Now that they are popular, most users don't understant that they cause any problems at all, much less what they are or why. And I'm one of the people (like yourself, and other readers here) who gets stuck trying to working around from both a sysadmin point of view, and as a network app developer.
For example, I'm involved in a (closed source) project right now using BitTorrent style technology that will probably fail because it can't handle more than about a third of the users being behind NAT firewalls. And this is after considerable effort to work around limitations of who can connect directly to who.
In particular (without custom port forwarding rules that you can't expect the average user to configure), one box behind a NAT firewall cannot connect directly to another box behind a NAT firewall.
Other effects are things like the fact that games must now use a star connection pattern, not a ring or a mesh (and the improved response times that might come from that). Any technology that allows individuals to communicate without a third party involved becomes either difficult or impossible (instant messaging without a central server, conference software, shared whiteboards, etc).
I just get frustrated about it all, because I see an artificial barrier to entry for an important area of network development.
If the application uses a fixed port number, and if you have enough external IPs to handle all of the internal machines, and if you don't mind having the extra admin work to keep updating your rules, then yes that works.
But if those aren't all true, then it doesn't. And all of those cases are frequently not true.
1) Many useful apps don't have fixed ports to listen on, instead they use lookup services. See anything based on RPC, Corba, etc. If you need to be able to run more than one copy of the application at a time, then multiple ports are REQUIRED.
2) ISPs are significantly limiting the number of IPs available. Like my home network where they charge me $5/month for one additional address. Unless I cough up the money, I can't SSH to more than one machine (and yes, I know the tricks around it, when they work, and when they don't).
Without the crutch of NAT, the address space would be much larger, and ISPs would never have been able to establish charging for address as a legitimate thing.
3) The admin work is a big barrior. If I want to do video chat with my mother, I have to drive 4 hours to her house to reconfigure her firewall. She's smart, but that's more than she can handle technically, and there is nobody else I can ask to do it. And what happens when lightning kills the cable modem, and it all has to be reconfigured?

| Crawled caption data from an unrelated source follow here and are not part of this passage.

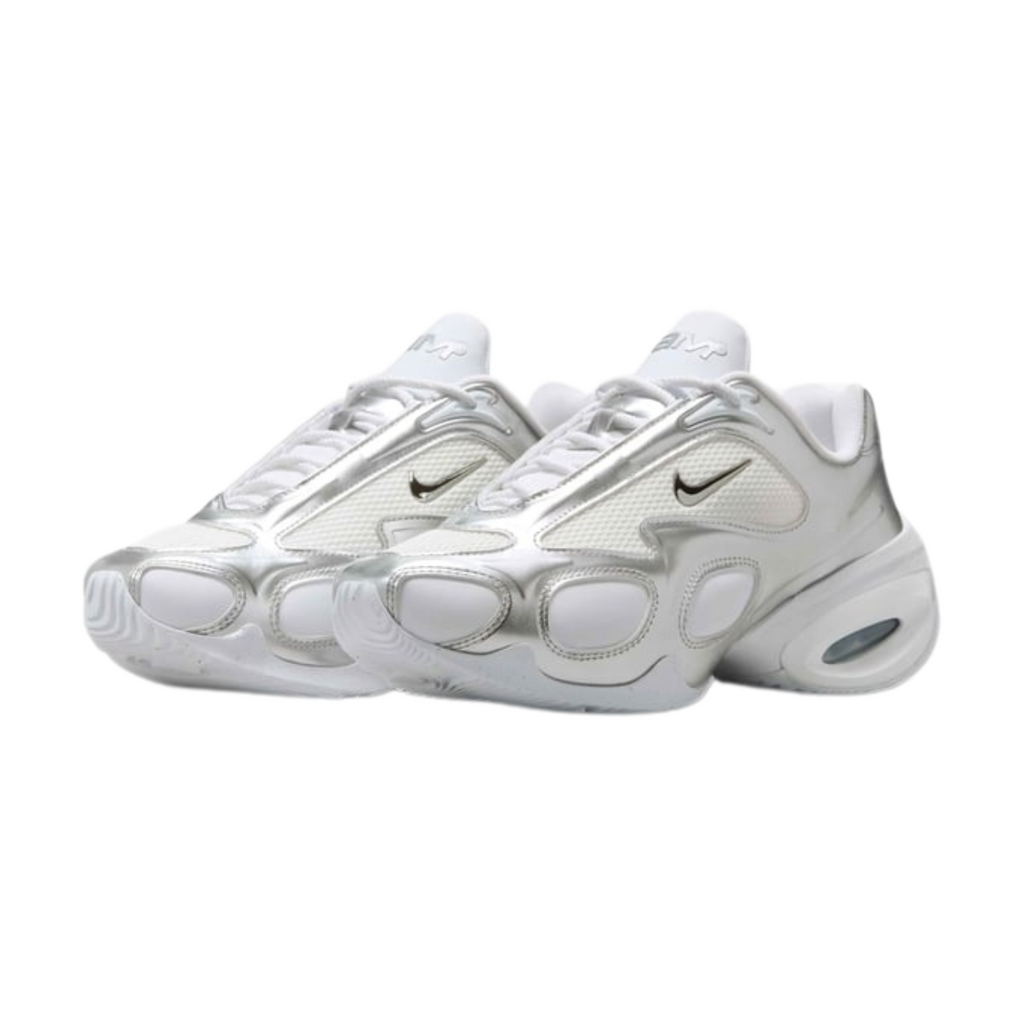 Nike Air Max Muse – White/Metallic Silver
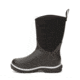 Muck Boots Element Boot - Kids, Black/High Rise, 4, KEL-000-BLK-040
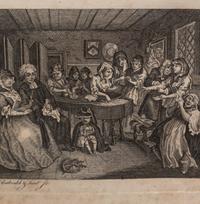 After William Hogarth (British, 1697-1764)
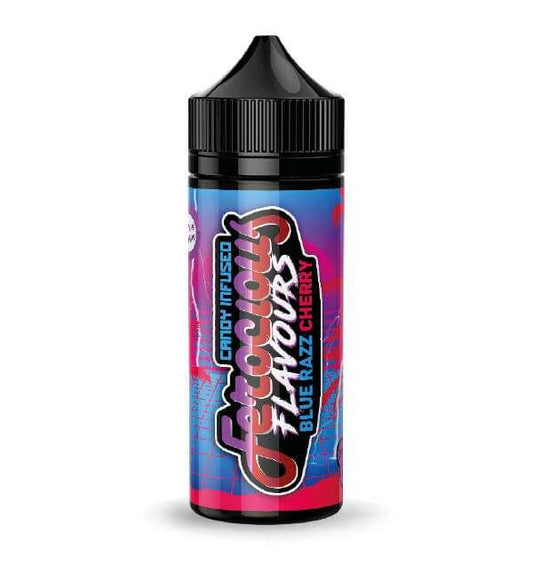 BLUE-RAZZ-CHERRY-CANDY-INFUSED-100ML-E-LIQUID-FEROCIOUS-FLAVOURS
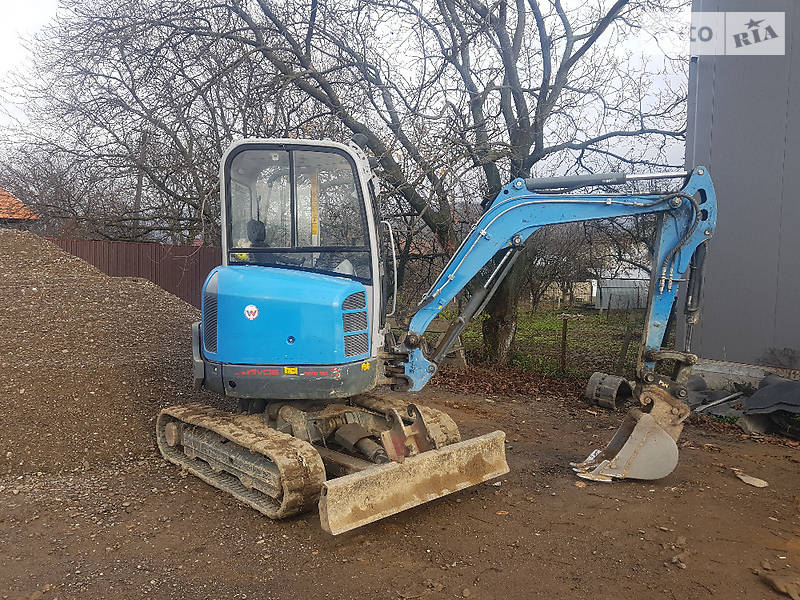 Neuson 28Z3RD VDS Wacker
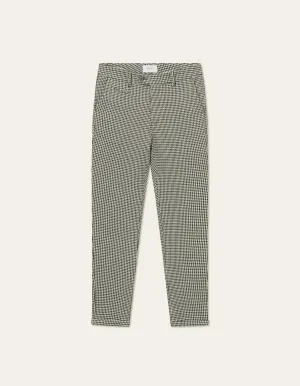 Como Houndstooth Suit Pant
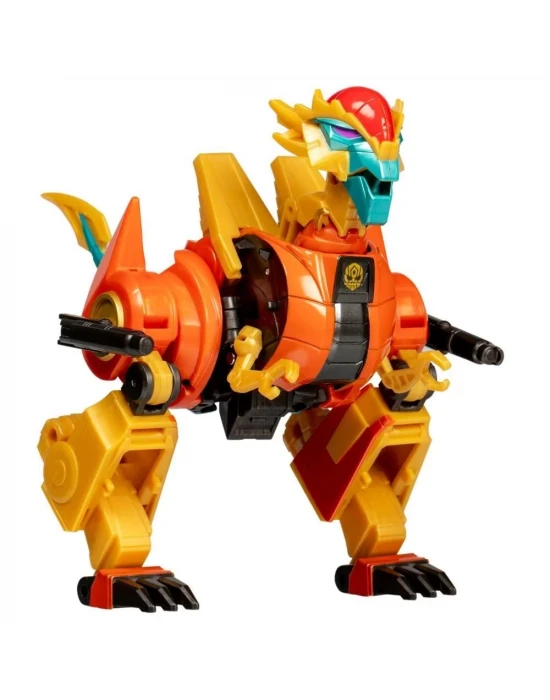 Transformers EarthSpark Deluxe Figür Terran Jawbreaker F8671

Many large businesses run NAT for both security, and to deal with address space issues. I've seen a number of these networks through my consulting work. I have never seen network admins that would reconfigure the firewall just because one of their users want's to use AIM file transfers.
They may knowingly allow all kinds of funny things through an SSH port forward, but they won't begin to touch a config file (other than account creation) on a per user basis.
This means that small non-technical users are screwed. Anyone running unusual non-standard applications is screwed, anyone without enough address space that they don't need NAT in the first place is screwed, anyone so lazy that they don't want to have to reconfigure their security everytime they change which network applications they use is screwed, and anyone on a large corporate network is screwed.
Now, are you really so sure that NAT works just fine and that people should just quit complaining?
I once wrote a NAT engine (for the obscure Firewall/Plus), and I use NAT at home since I can't seem to bring myself to pay $5/month for a number.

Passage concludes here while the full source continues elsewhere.